**INFORMATION PROVIDED**
--------------------------------
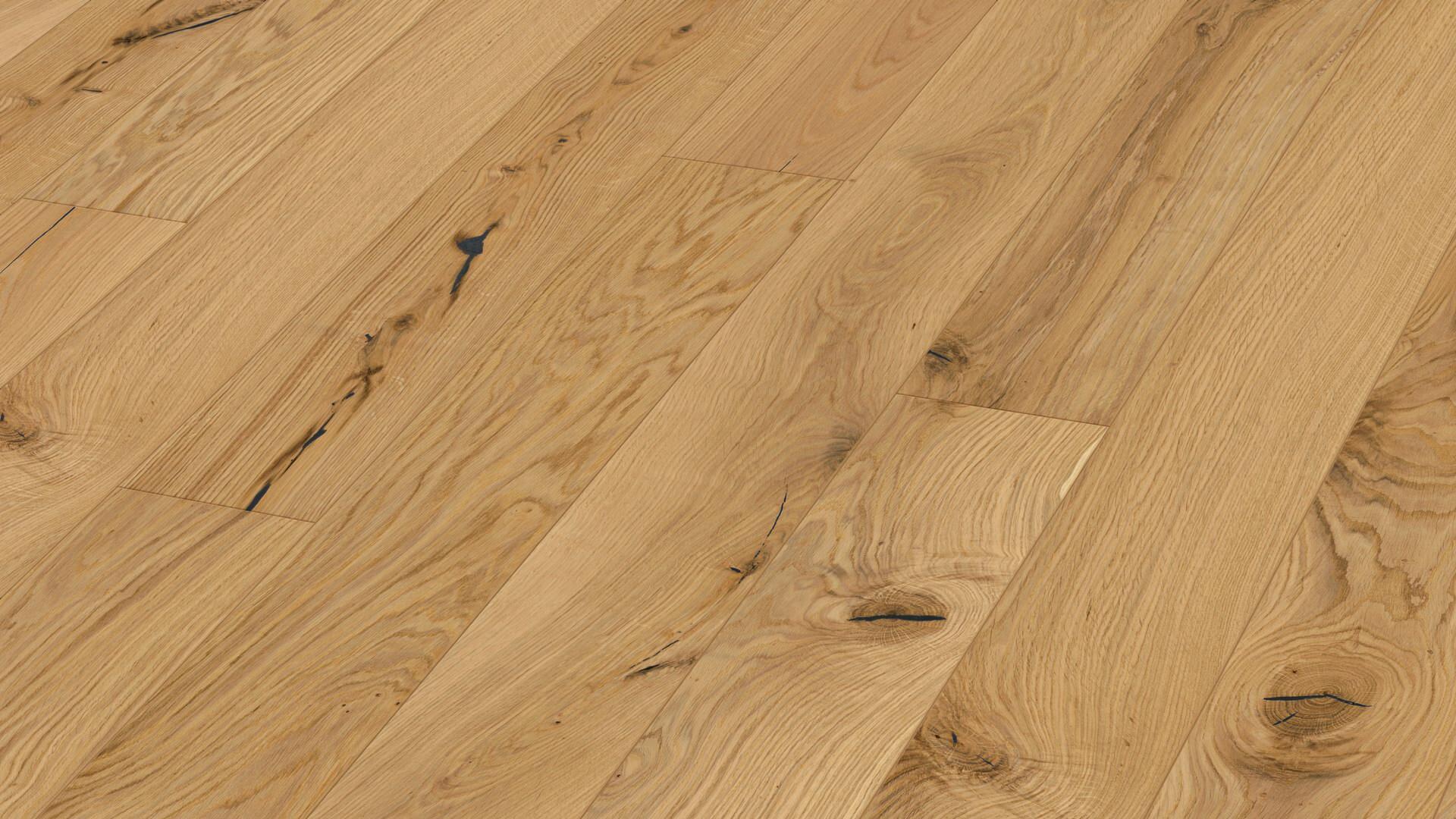 Parkett Eik Authentic 09024 – PD 400 – Naturlig Oljet - Bilde 2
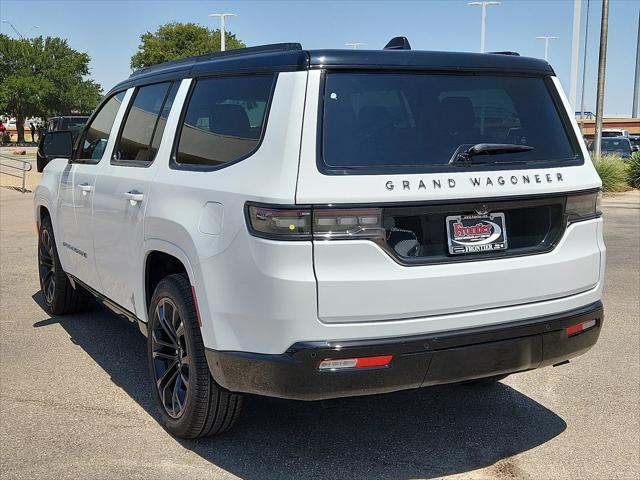 2024 Wagoneer Grand Wagoneer Grand Wagoneer Obsidian 4X4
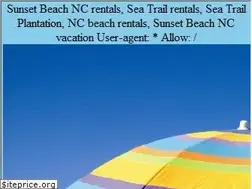 Sites similar to seatrailsunsetbeach.com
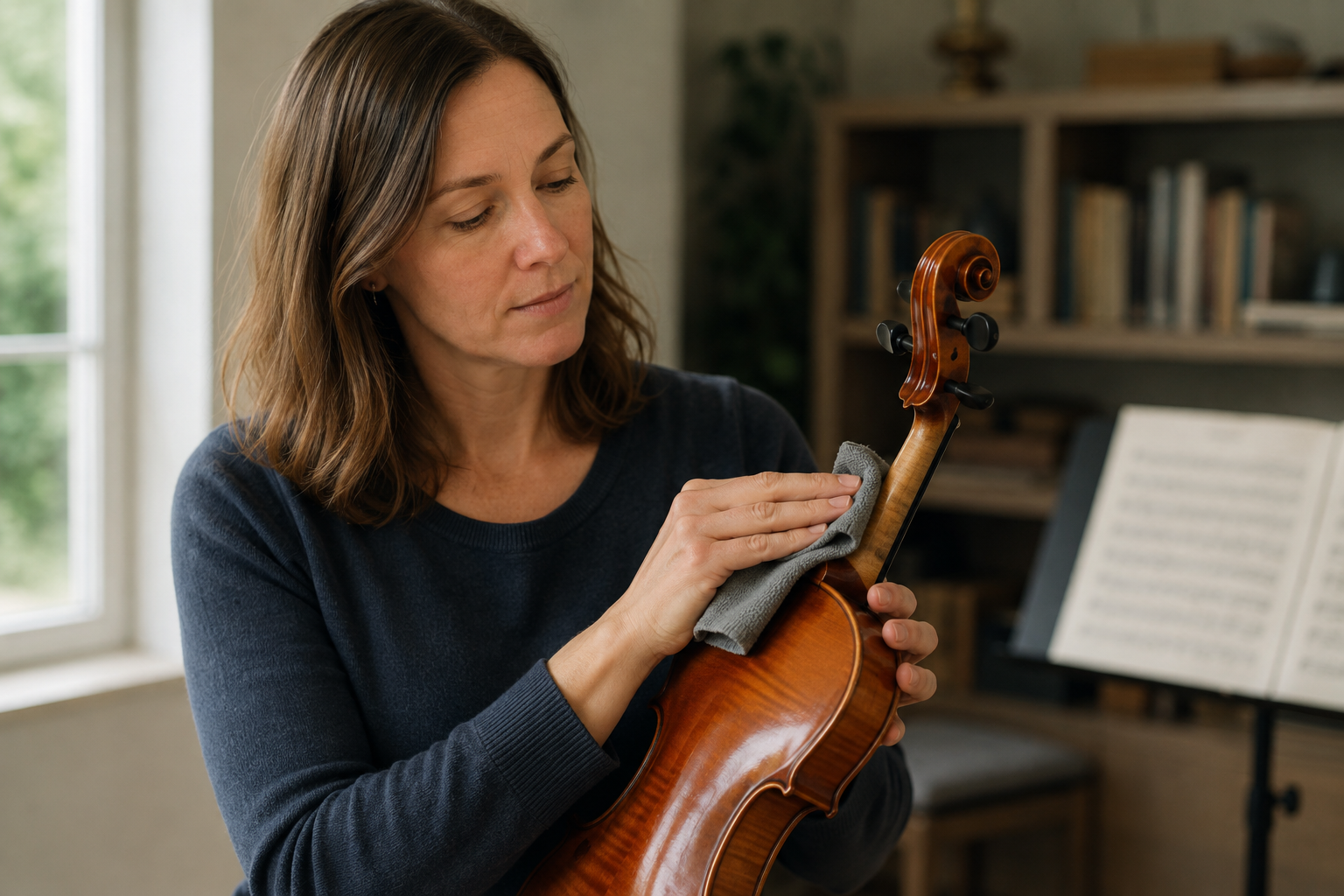 Why Your Violin Neck Feels Sticky When Shifting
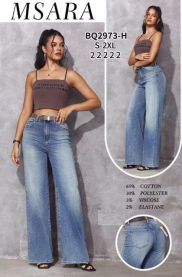 Spodnie jeans damskie (S-2XL/10szt)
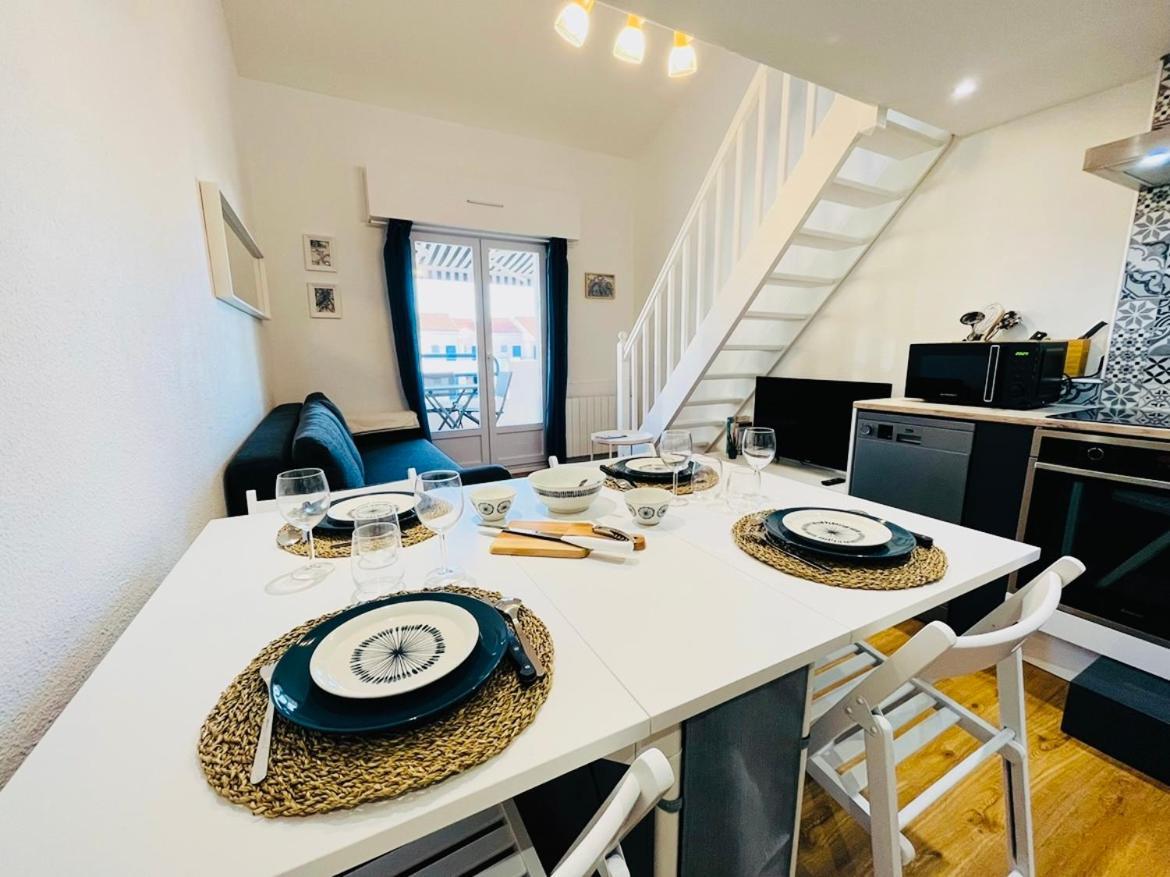 Appartement Neuf - Vue Ocean 50M - Sud - Balcon - Calme La Pironnière 외부 사진
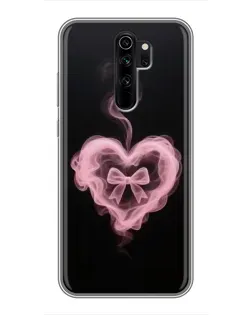 Чохол для Xiaomi Redmi Note 8 Pro з картинкою «Димчасте серце»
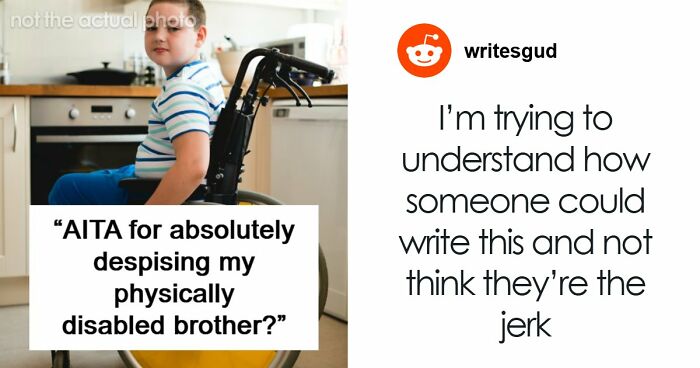 The Internet Calls Out This College Student After She Reveals Why She Hates Her Disabled Brother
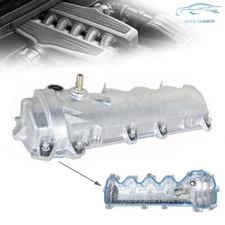 Engine Valve Cover W/ Gasket Left Side Fit For Ford Lincoln 4.6 5.4L 9L1Z6582C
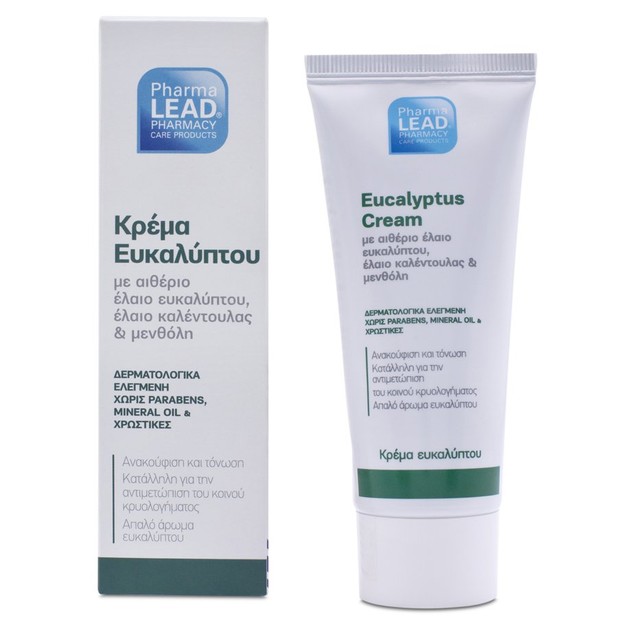 Pharmalead Eucalyptus Cream 50ml Pharmalead Eucalyptus Cream 50ml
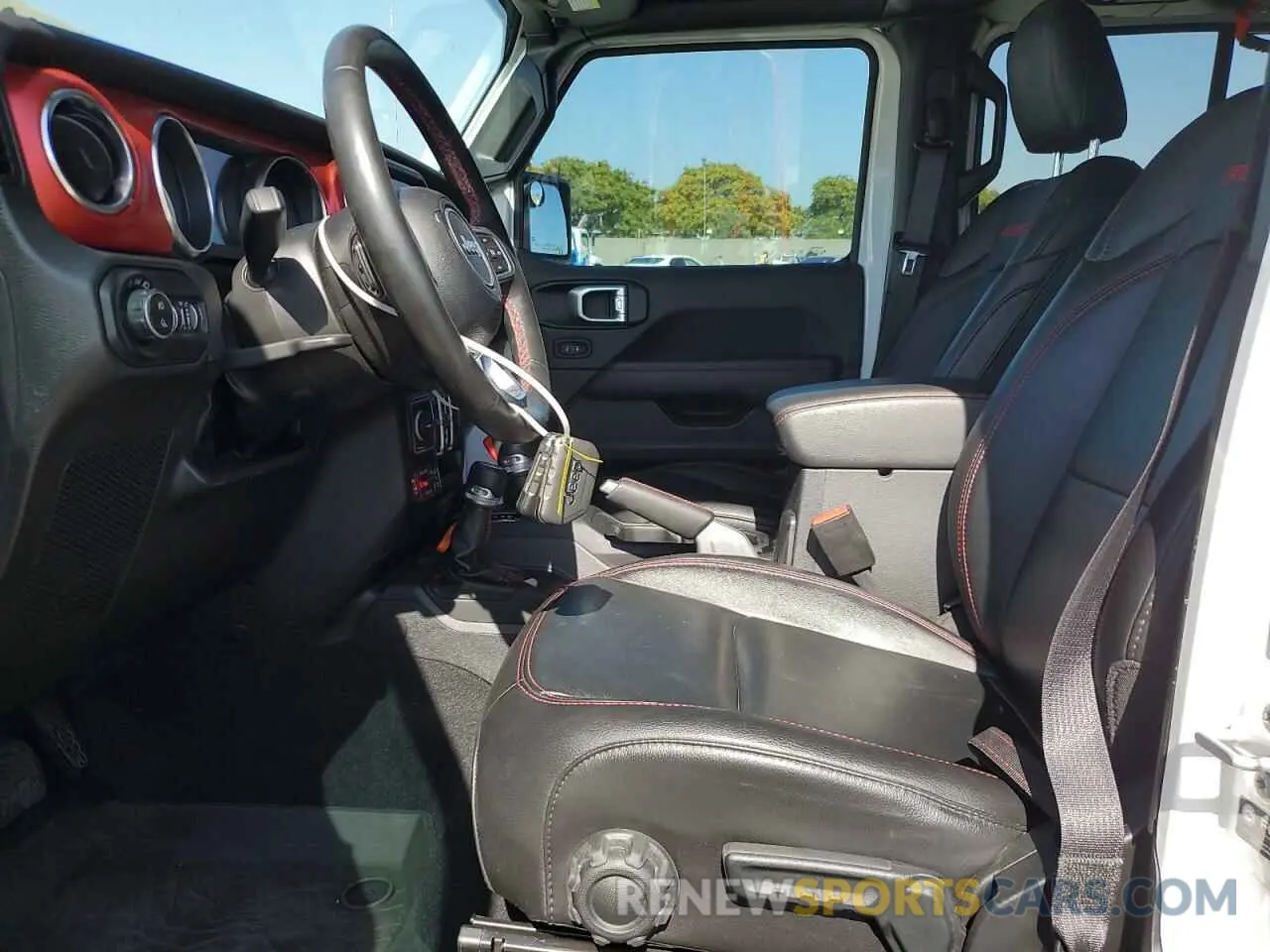 7 Photograph of a damaged car 1C6JJTBM4NL171009 JEEP GLADIATOR 2022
--------------------------------
**TASK INSTRUCTIONS**
Before you return the listing, strip out its pictures; all else must match exactly.

**WRITTEN RESPONSE**
 Parkett Eik Authentic 09024 – PD 400 – Naturlig Oljet - Bilde 2
 2024 Wagoneer Grand Wagoneer Grand Wagoneer Obsidian 4X4
 Sites similar to seatrailsunsetbeach.com
 Why Your Violin Neck Feels Sticky When Shifting
 Spodnie jeans damskie (S-2XL/10szt)
 Appartement Neuf - Vue Ocean 50M - Sud - Balcon - Calme La Pironnière 외부 사진
 Чохол для Xiaomi Redmi Note 8 Pro з картинкою «Димчасте серце»
 The Internet Calls Out This College Student After She Reveals Why She Hates Her Disabled Brother
 Engine Valve Cover W/ Gasket Left Side Fit For Ford Lincoln 4.6 5.4L 9L1Z6582C
 Pharmalead Eucalyptus Cream 50ml Pharmalead Eucalyptus Cream 50ml
 7 Photograph of a damaged car 1C6JJTBM4NL171009 JEEP GLADIATOR 2022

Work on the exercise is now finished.